A solution in Europe remain elusive for a number of reasons, but one that seems under appreciated is that German and French interests and views are diverging. There are four main issues that divide them and by extension Europe. Germany and France are the two pillars of EMU and their disagreement reflects a larger split in Europe.
First, there is a disagreement about whether the ECB should be buying a significant amount of European bonds. Buying even small relatively modest amount of European bonds, less than 200 bln euros all told has seen to ECB members resign in protest (Weber and Stark).
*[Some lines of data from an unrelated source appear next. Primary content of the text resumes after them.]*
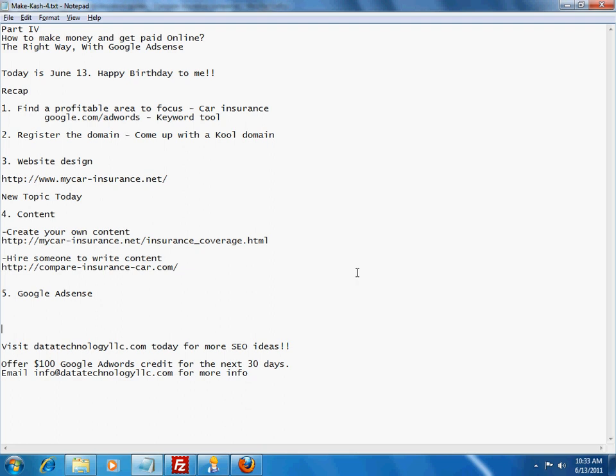The next step is to register the domain. The idea is to come up with a cool domain, a catchy one, which is also keyword rich. Next, we talked about website design. The site we have been talking about is mycar-insurance.net. We actually outsourced the initial design part since we really want to focus on content and whatnot. You can get that going for a pretty decent amount nowadays.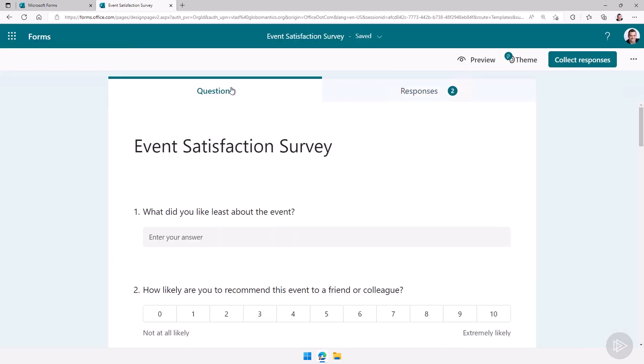This is it for Microsoft Forms, a tool that makes it easy for us to collect information or create quizzes.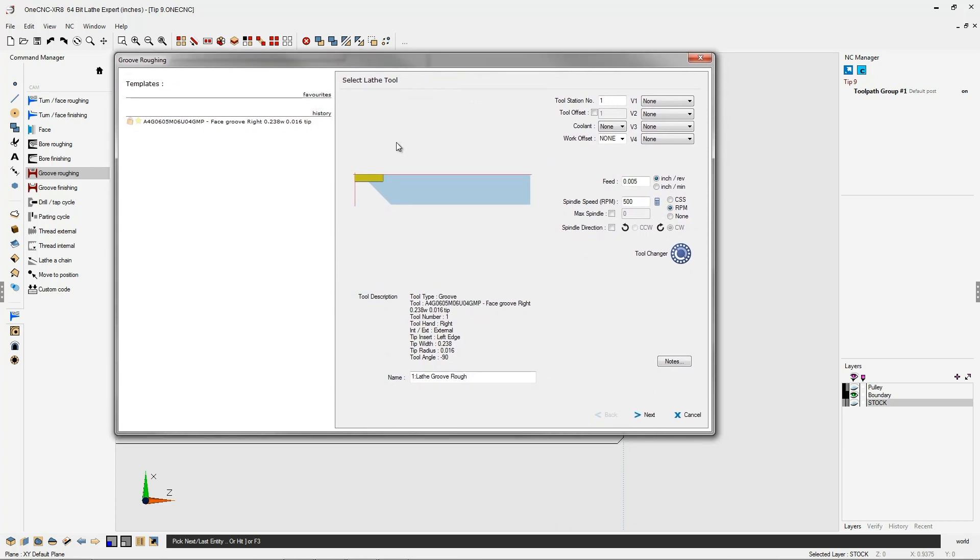Now it's important to note that face grooving works exactly like any other grooving within 1CNC, but what's important is you do need to select a face grooving tool.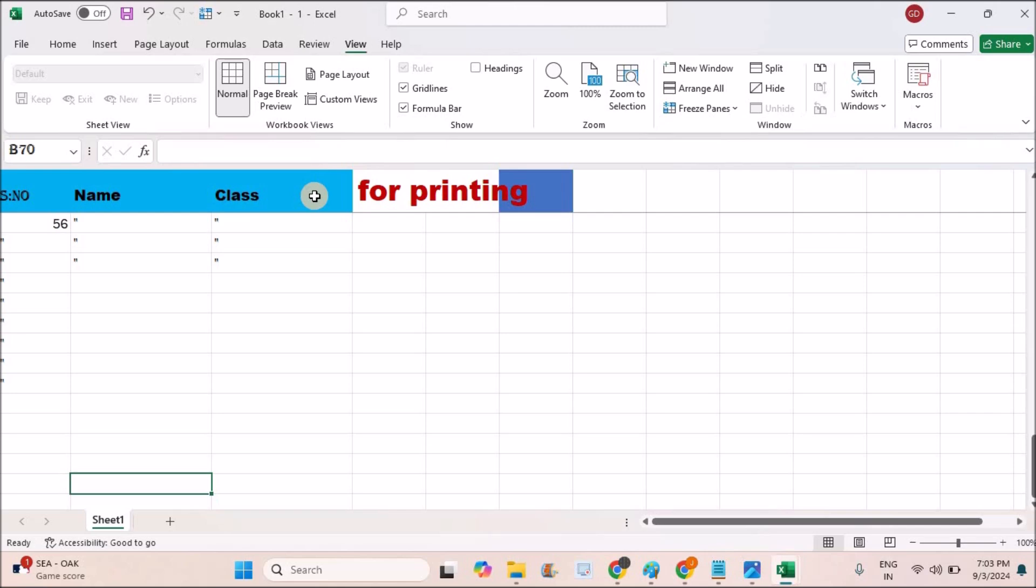In this way, you can have the header information on every printing page of the MS Excel sheet. I hope you like this tutorial and thanks for watching. Have a nice day.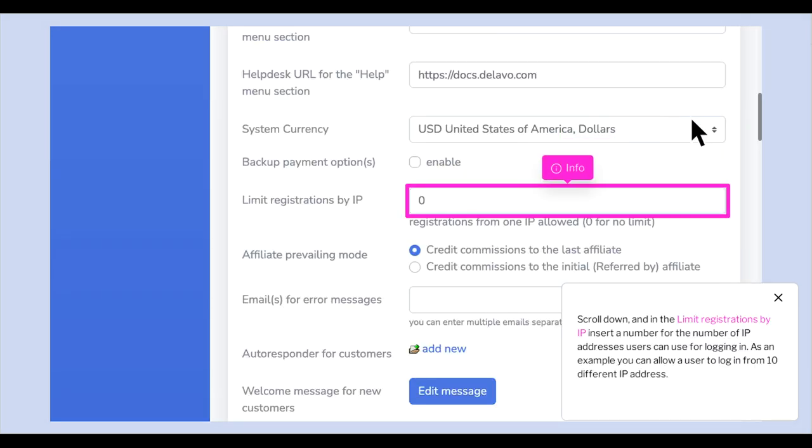Scroll down and in the Limit registrations by IP field, insert a number for the number of IP addresses users can use for logging in. As an example, you can allow a user to log in from 10 different IP addresses.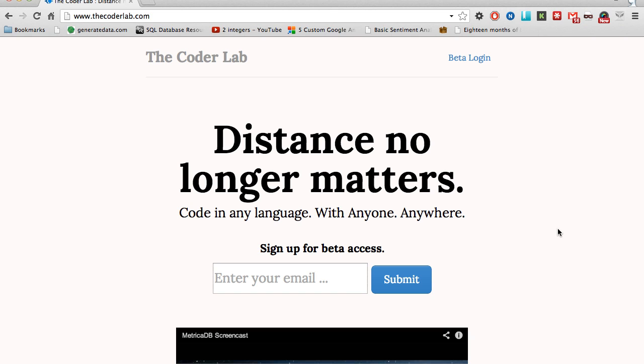Right now we're still in private beta, so you'll have to request access. You can simply sign up for our mailing list here, and I'll send you the login credentials to access the coding environment.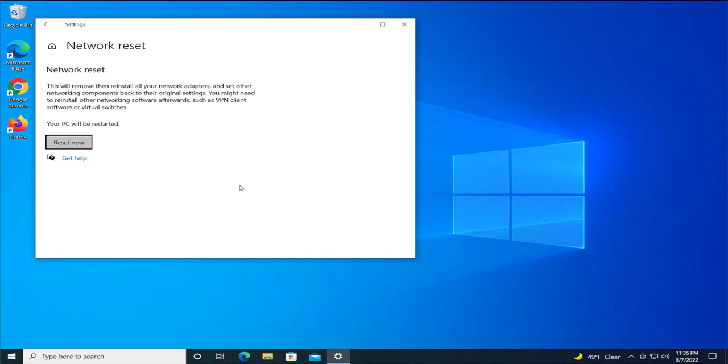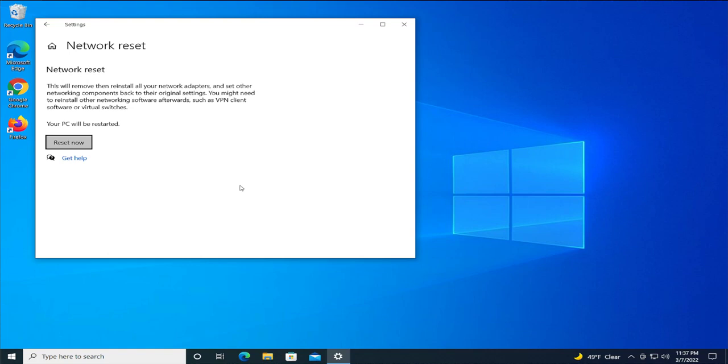You might need to reinstall other networking software afterwards, such as VPN client software or virtual switches. Your PC will be restarted. Click Reset now and confirm with yes.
Some have argued the ECB should act as a lender of last resort. We argue it is the lender of last resort to banks, not to sovereigns. As the BOE’s King noted last week (courtesy of the FT) as he supported the BBK’s stance, lender of last resort cannot be used to justify the purchases of sovereign bonds (and the purchases, he argues, are funding current account deficits. “And that is why the European Central Bank feels, I think–and with total justification– that it’s not the job of a central bank to do something which a government could perfectly well do itself, but doesn’t particularly want to admit doing. “
Second, there is a disagreement over whether the ECB should declare that is it buying bonds for an extended period or unlimited amounts. Some countries, led by France, but includes several others, appear to want to some pledge by the ECB. However, the disagreement over the first issue makes this issue contentious, to say the least.
Third, the ECB currently sterilizes its sovereign bond purchases. Some want the ECB to refrain from doing this. This is to embrace quantitative easing more directly. The ECB, Germany, and several other countries resist such pressures. France appears to be more sympathetic to QE.
Fourth, there is a dispute over whether Greece is a unique event. In particular, the issue is if the private sector will share in the adjustment process in other peripheral debtor countries. Part of the reason that the “voluntary” haircuts were acceptable for Greek bonds was the apparent signal from European officials that a haircut is not being contemplated in the other countries.
France and most of the peripheral countries want Greece to be unique event. Germany and others seem to be on the other side of the issue. As recently as last week, German officials were talking about private sector participation in the future. That is, after all, one of the functions of the European stabilisation Mechanism (ESM), when it comes into existence.
When will European officials provide the closure to the debt crisis? When will they deliver a comprehensive solution ? When German and France agree on this fundamental issues. Until then, the risks are asymmetrically on the downside.